WHAT THIS TASK INVOLVES: Copy each line of the records exactly, stopping only after the line that contains "Here's a Brooks" has been written, and leave pictures out.

** Opening AVAILABLE DATA block **

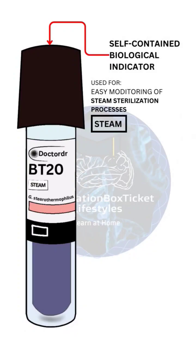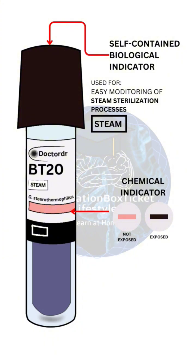This self-contained biological indicator simplifies monitoring the steam sterilization process. The chemical indicator is pink when not exposed and darkens when exposed.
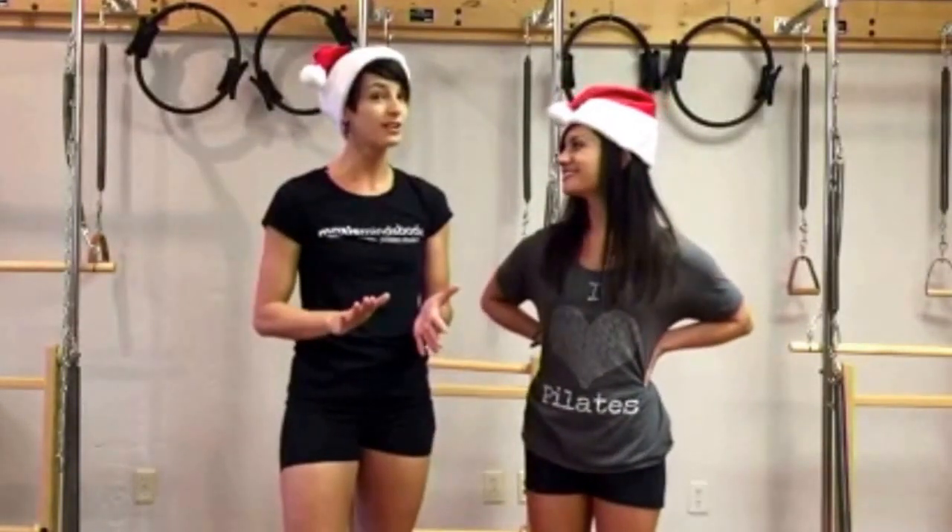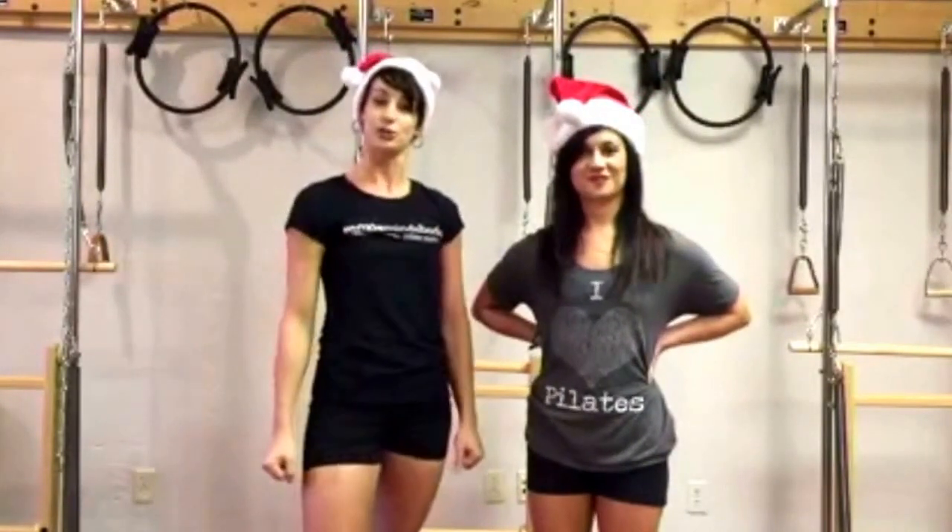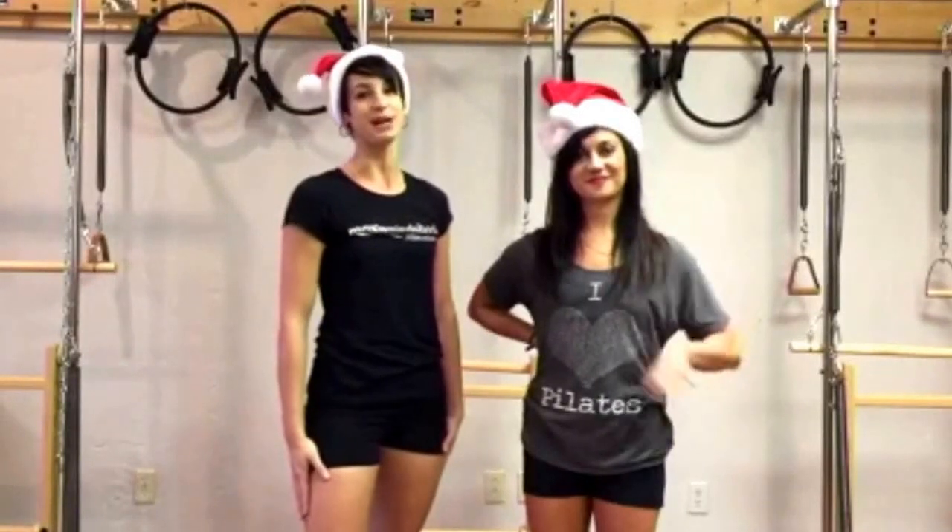If you still have questions on how to use it, check out the next video where you can actually see how to use the dry brush. Happy Holidays from Moxie Mind and Body!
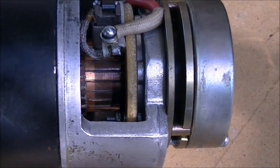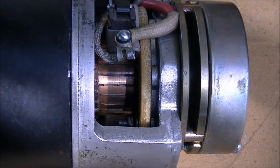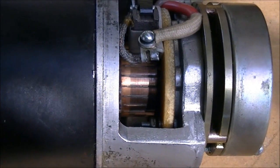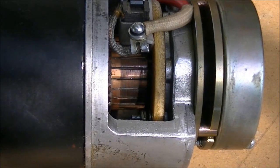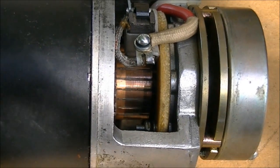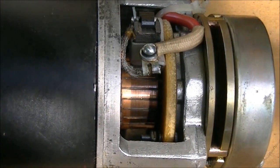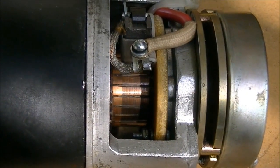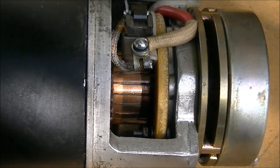Hi folks, we're looking inside one of my wheelchair motors — I took the cover off. Looking at the commutator right now, it really needs to be resurfaced for full power and smooth operation, which isn't something I'd be able to do. So I'm going to clean that commutator a little bit with alcohol.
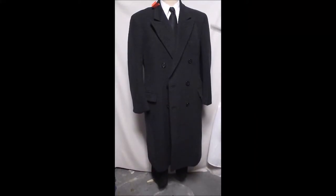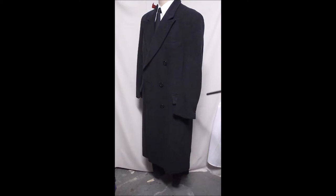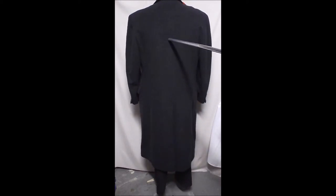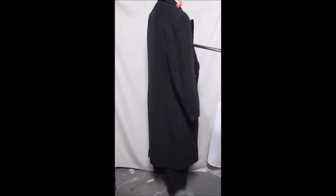Here's a Brooks Brothers double-breasted, kind of a dark gray wool. You can see that it's got the hand top stitching, the double-breasted buttons, it's got the classic laser type sleeve buttons, single vent.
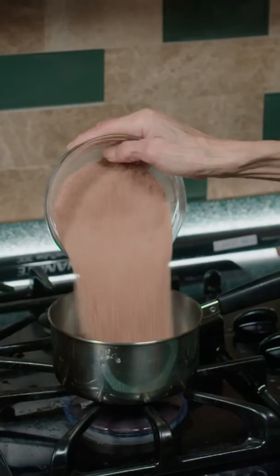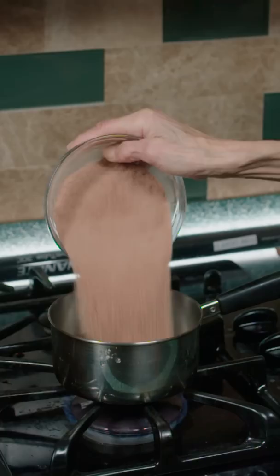Next, mix sugar and cocoa powder, and add water to a pot. Then add the sugar mixture, and let it boil.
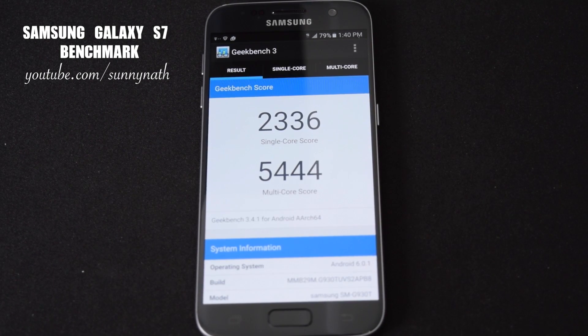All right, so here are my quick three benchmarks: AnTuTu, Quadrant, and Geekbench. Let me know what you guys think. If you have any questions, leave them in the comments below — I just wanted to share these results with you guys.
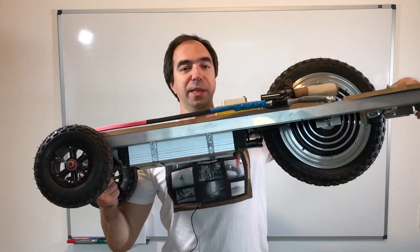Hi everyone! Last week I built a huge electric monster skateboard, but I had a problem with it. It was difficult to ride because the deck was too high and it was difficult to keep the balance. So I built another, even bigger, even better skateboard.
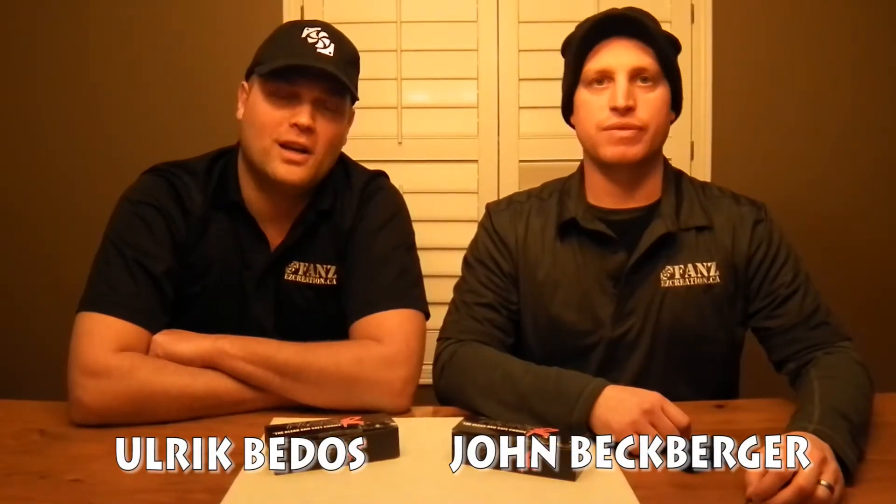Hi, this is John. Hey, it's EZ Bleak from EZ Creation and we're here today to show you our new product.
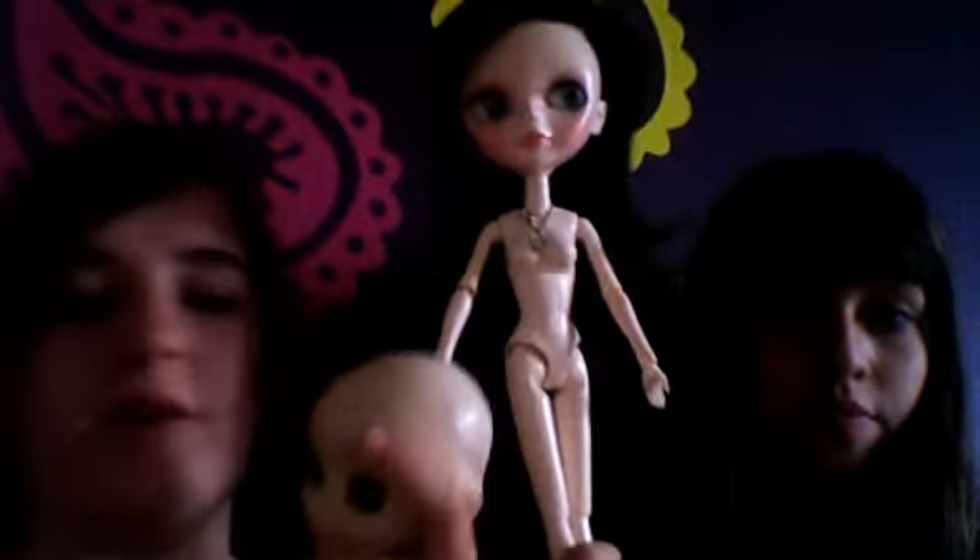They all have quite a lot of joints that can move. They're not like your ordinary Bratz doll — they're collectibles and really, really gorgeous and fun to play with. But one thing: they're extremely expensive.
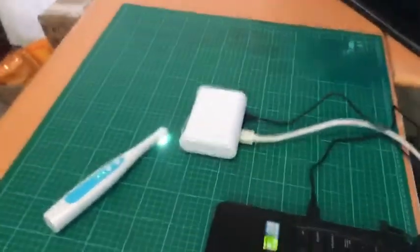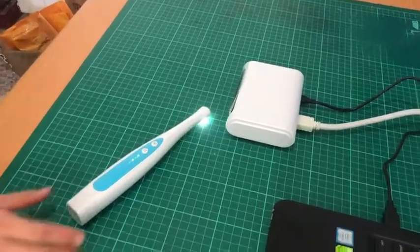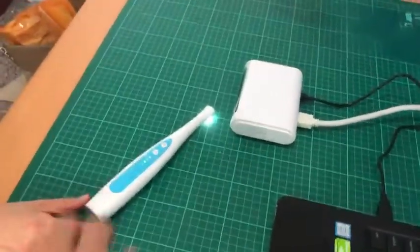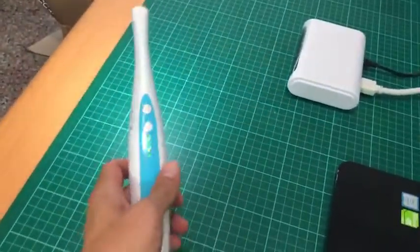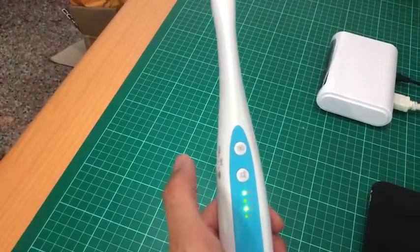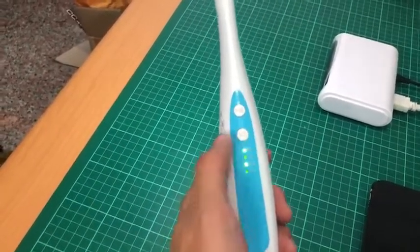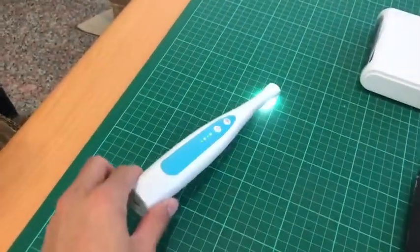Today, let us introduce the new intraoral camera. It's Full HD from Apple Tech. You can see that is the transmitter here. That is the camera side. There is the push button for snapshot and running to check the bigger teeth, and this is the transmitter.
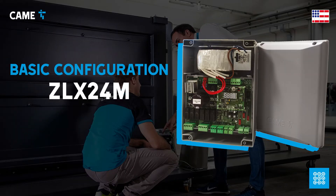In this video we are going through the basic configuration of the ZLX24M control board, which can manage a variety of swing gate operators.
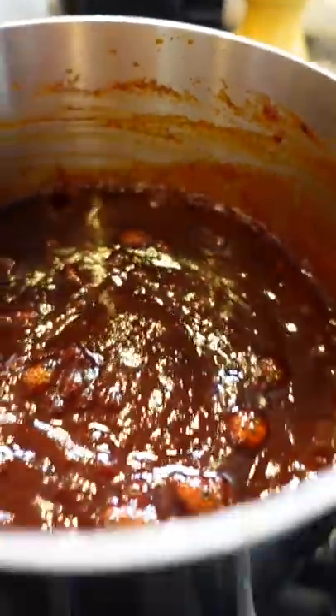Mix in one tablespoon smoked paprika, quarter teaspoon cayenne, kosher salt, and pepper. Whisk, bring to a bubble, then reduce to a simmer for 20 minutes.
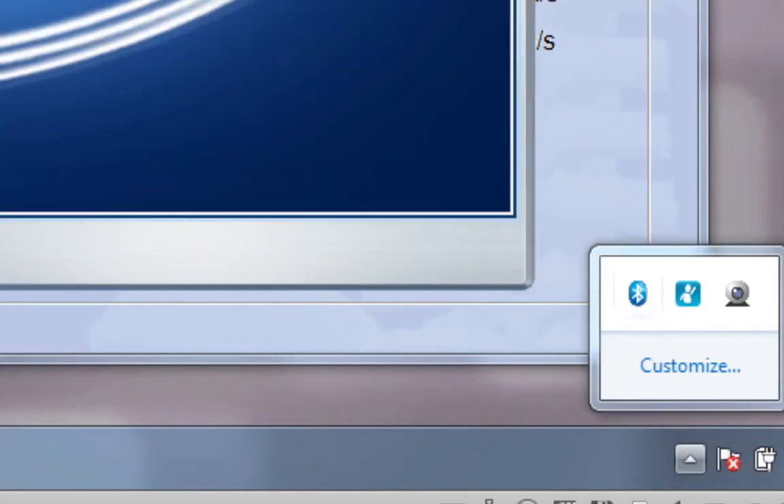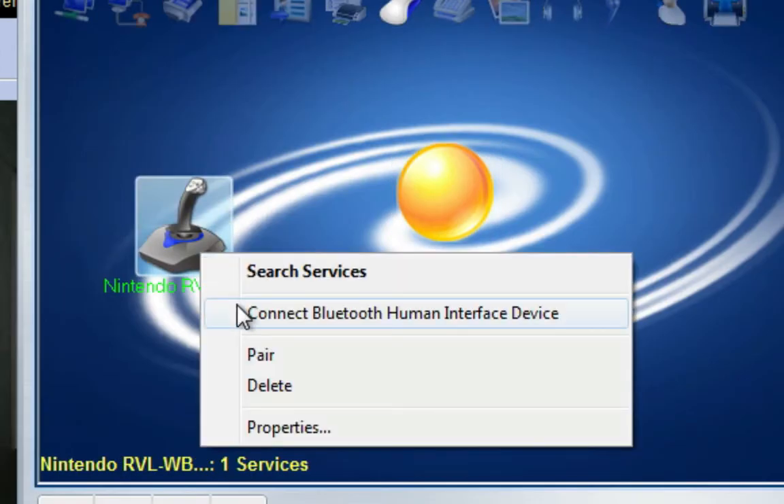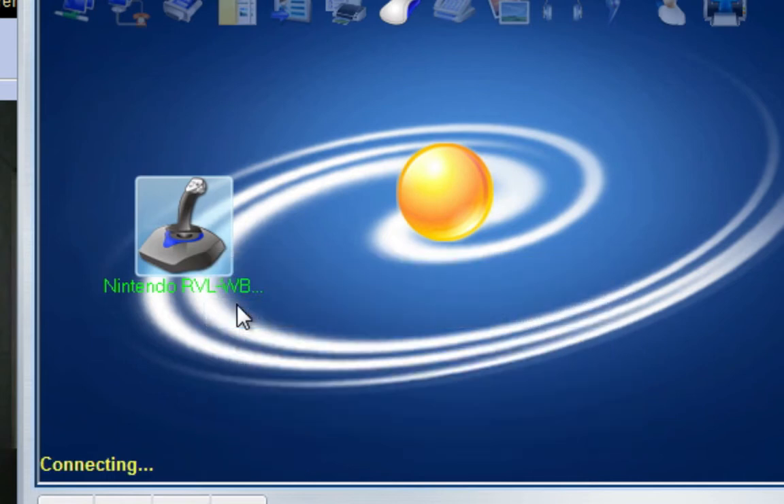Double-click on the Bluetooth icon. Right-click on the joystick icon and choose Connect to Bluetooth Human Interface Device, while holding the red sync button on your balance board.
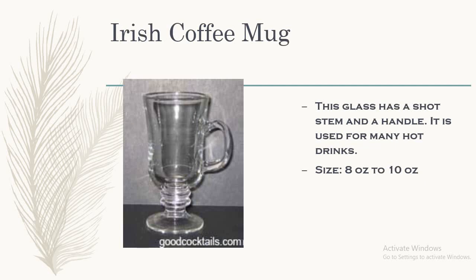Next, we have the Irish coffee mug. This glass has a short stem and a handle. It is used for many hot drinks. Irish coffee is one of the famous cocktails that we serve in this Irish coffee mug. The size of this glass is 8 to 10 ounce.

** Closing AVAILABLE DATA block **

TASK ANSWER:
This self-contained biological indicator simplifies monitoring the steam sterilization process. The chemical indicator is pink when not exposed and darkens when exposed.
If you still have questions on how to use it, check out the next video where you can actually see how to use the dry brush. Happy Holidays from Moxie Mind and Body!
Hi folks, we're looking inside one of my wheelchair motors — I took the cover off. Looking at the commutator right now, it really needs to be resurfaced for full power and smooth operation, which isn't something I'd be able to do. So I'm going to clean that commutator a little bit with alcohol.
Here's a Brooks Brothers double-breasted, kind of a dark gray wool. You can see that it's got the hand top stitching, the double-breasted buttons, it's got the classic laser type sleeve buttons, single vent.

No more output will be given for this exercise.